Alice bahkan hampir tidak menyadari fakta tubuhnya mulai bergerak sendiri. Menepis bilah belati, mundur untuk menghindari tusukan, menunduk untuk menghindari tebasan. Ia bergerak seolah ia sudah tahu aturan mainnya, seakan Alice pernah berlatih untuk hal ini sebelumnya. Fakta itu membuat seringai Chesire turun sedikit, namun masih bertahan.

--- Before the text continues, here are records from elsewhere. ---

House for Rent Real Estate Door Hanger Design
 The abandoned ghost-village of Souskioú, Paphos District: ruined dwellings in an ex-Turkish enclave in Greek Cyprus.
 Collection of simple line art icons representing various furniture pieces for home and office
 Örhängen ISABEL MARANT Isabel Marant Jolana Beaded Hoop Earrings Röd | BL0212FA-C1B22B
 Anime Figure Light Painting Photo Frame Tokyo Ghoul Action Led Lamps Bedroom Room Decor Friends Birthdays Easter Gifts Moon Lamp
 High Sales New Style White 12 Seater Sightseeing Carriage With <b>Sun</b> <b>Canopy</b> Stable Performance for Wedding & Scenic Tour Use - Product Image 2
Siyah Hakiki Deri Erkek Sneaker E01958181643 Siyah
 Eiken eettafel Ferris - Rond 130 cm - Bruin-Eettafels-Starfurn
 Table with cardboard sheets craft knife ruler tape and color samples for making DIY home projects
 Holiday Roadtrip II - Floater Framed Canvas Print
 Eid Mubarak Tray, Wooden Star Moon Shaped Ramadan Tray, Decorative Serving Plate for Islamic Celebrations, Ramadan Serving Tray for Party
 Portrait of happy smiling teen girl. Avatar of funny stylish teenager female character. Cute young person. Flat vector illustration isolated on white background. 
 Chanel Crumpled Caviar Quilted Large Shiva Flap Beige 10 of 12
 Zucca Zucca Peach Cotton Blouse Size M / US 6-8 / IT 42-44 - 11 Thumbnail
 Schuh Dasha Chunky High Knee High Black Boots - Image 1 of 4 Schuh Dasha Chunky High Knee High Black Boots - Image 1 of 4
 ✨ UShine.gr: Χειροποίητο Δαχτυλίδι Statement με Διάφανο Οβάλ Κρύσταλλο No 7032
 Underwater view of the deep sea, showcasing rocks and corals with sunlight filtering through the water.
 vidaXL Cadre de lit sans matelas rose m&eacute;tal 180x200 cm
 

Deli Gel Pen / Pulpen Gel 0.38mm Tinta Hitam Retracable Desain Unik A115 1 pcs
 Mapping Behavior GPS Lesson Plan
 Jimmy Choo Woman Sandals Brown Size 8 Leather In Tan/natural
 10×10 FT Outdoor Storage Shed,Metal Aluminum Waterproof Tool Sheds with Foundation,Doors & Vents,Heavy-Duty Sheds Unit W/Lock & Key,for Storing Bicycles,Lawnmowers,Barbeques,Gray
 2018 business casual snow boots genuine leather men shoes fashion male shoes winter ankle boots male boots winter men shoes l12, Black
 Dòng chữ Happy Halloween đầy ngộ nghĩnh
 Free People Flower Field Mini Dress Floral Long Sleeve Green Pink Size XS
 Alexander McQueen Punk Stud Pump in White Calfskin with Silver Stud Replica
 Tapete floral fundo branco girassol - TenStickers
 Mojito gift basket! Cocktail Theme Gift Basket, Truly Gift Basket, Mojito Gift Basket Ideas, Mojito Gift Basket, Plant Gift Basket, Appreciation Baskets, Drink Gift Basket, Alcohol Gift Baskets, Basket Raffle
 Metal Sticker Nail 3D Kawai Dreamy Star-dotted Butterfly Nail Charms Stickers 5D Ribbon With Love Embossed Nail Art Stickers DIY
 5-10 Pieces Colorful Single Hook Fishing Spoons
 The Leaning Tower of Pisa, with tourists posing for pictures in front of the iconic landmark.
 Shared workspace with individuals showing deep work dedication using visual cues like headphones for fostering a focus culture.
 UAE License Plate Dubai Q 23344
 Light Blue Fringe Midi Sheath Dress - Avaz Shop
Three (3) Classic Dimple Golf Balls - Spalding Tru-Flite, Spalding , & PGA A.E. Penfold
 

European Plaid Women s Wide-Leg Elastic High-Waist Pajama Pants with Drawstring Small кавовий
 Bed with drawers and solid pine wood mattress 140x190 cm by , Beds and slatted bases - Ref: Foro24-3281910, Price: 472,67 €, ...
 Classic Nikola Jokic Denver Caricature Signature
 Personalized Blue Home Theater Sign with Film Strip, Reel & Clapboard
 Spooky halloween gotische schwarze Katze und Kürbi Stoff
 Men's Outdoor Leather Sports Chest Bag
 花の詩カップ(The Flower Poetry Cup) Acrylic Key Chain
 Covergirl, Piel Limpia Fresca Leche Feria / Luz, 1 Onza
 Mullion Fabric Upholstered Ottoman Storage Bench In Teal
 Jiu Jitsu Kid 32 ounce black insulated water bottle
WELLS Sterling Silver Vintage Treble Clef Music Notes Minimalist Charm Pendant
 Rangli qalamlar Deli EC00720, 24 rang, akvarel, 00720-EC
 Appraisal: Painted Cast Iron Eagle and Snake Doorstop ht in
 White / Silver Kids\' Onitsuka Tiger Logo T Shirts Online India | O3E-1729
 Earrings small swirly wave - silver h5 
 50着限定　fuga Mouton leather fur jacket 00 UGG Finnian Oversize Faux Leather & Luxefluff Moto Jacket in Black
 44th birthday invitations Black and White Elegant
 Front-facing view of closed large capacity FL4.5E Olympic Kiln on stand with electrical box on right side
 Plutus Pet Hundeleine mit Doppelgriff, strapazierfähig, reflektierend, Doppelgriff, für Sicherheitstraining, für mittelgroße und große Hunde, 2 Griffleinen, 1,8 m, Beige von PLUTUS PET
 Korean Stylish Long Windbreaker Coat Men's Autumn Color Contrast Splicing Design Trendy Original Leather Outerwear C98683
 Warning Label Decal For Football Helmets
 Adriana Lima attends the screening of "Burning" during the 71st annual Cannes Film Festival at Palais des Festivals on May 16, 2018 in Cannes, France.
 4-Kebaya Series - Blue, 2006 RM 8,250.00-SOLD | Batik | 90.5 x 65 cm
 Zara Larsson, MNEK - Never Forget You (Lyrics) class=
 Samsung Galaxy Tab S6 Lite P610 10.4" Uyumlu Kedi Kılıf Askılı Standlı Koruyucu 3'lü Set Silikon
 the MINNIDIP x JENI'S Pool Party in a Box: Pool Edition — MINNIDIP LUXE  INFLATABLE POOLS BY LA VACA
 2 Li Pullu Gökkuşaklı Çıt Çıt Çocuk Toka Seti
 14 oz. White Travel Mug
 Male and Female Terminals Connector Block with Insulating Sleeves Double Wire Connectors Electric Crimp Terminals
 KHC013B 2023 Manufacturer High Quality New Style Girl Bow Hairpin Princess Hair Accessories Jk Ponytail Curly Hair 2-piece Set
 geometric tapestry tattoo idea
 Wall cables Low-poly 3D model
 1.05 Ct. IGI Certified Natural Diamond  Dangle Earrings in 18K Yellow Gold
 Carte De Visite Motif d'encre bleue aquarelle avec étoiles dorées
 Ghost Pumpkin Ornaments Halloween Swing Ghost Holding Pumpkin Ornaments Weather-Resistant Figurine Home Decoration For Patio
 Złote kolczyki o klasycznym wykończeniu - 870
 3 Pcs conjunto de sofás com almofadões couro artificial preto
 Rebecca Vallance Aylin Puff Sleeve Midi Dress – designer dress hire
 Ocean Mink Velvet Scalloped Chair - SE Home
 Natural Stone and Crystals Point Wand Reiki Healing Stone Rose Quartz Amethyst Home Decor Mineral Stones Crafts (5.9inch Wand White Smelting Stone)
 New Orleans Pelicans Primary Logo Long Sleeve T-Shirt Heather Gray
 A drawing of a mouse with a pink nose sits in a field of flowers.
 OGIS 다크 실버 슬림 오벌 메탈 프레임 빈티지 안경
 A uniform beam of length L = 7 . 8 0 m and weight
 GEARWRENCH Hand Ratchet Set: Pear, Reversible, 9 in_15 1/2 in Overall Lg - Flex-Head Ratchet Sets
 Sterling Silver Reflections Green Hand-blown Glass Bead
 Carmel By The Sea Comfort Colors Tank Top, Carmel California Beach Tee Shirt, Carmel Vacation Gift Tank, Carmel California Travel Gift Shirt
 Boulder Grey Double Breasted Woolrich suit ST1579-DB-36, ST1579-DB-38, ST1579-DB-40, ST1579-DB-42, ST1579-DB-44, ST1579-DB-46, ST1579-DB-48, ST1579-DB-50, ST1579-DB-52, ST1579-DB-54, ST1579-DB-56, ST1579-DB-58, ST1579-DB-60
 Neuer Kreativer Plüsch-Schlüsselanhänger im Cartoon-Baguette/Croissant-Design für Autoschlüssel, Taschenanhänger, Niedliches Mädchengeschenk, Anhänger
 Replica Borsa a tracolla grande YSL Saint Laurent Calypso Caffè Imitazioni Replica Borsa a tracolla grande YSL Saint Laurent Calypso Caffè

"Hee, bahkan dipikirkan sampai sini juga, huh?" Alice melirik Chesire yang bergumam sendiri dari tempatnya di atas dinding labirin. Tetapi konsentrasinya kembali ke sang penyerang begitu sadar bahwa ia tidak dalam posisi yang memungkinkan untuk nyalang.

"Kau siapa?" gadis itu tidak menjawab Alice ketika ia kembali menebas. Bilah belatinya berkilat-kilat ditimpa cahaya, membuat Alice mau tak mau harus menyipit untuk memperhatikan kemana bilah belati itu menuju berikutnya. Andai saja ia dapat membawa gadis ini menuju bayang-bayang ... suatu tempat yang terbuka dan dirimbuni dedaunan.

"Tidak penting menanyakan orang yang akan membunuhmu," jawaban Chesire terdengar dari atas. Pemuda itu melompat-lompat mengikuti pertarungan sepihak yang memukul Alice untuk mundur demi mendapatkan lebih banyak jarak, lebih banyak ruang untuk berpikir.

"Karena aku yang hendak dibunuh, aku sudah sepantasnya tahu siapa yang akan membunuhku," Alice memuntahkan kalimat demi kalimat dengan urgensi dan sedikit kepanikan. Beberapa tebasan berhasil merobek kulitnya, rasa perih membuatnya goyah—membuat gerakannya lambat. Ia tak memiliki senjata, ia hanya dapat menghindar.

Tetapi semakin lama, menghindar menjadi sesuatu yang sulit.

Gadis itu mulai menunjukkan pola menyerangnya, namun Alice belum dalam menganalisisnya. Ia harus bertahan. Sedikit lagi, sebentar saja, beberapa menit lagi. Sanggupkah dirinya? Alice mengambil resiko dan membiarkan matanya nyalang, ia dapat merasakan tebasan belati merobek lengan kemejanya, menggores kulit dengan akuransi.

Konsentrasinya kembali pecah. Dipusatkannya perhatian kembali kepada sang penyerang.

"Sudahlah, Alice. Kau bahkan tidak memiliki senjata. Hanya satu tusukan di jantung, dan kau akan terbebas dari siksaan," Chesire mengeong dari tempatnya duduk dengan kaki menjuntai di atas dinding labirin. Bagaimana ranting dan dedaunan tidak menusuk bokongnya lewat begitu saja dari kepala Alice. Nyawa Alice lebih penting daripada bokong Chesire.

"Diam kau, Kucing Bego. Biarkan aku berpikir," Alice mendesis dari tempatnya. Beberapa tebasan dan tusukan kembali menggores kulitnya. Warna merah mulai menodai kemejanya yang semula putih, merusak rendanya. Dan entah mengapa, hal itu membuat Alice kesal.

Alice melompat untuk menghindari tebasan yang terarah ke kakinya.

Pola serangan gadis berambut hijau itu, Alice akhirnya menemukannya. Gerakannya hanya terdiri dari tebasan dan tusukan, karena Alice tidak dapat menyerang, gadis itu tidak perlu memposisikan dirinya untuk bertahan. Gadis itu selalu mengincar kepala, lalu dada, lalu perut, kemudian kaki, bergantian antara tebasan dan tusukan. Lalu pola itu akan kembali lagi.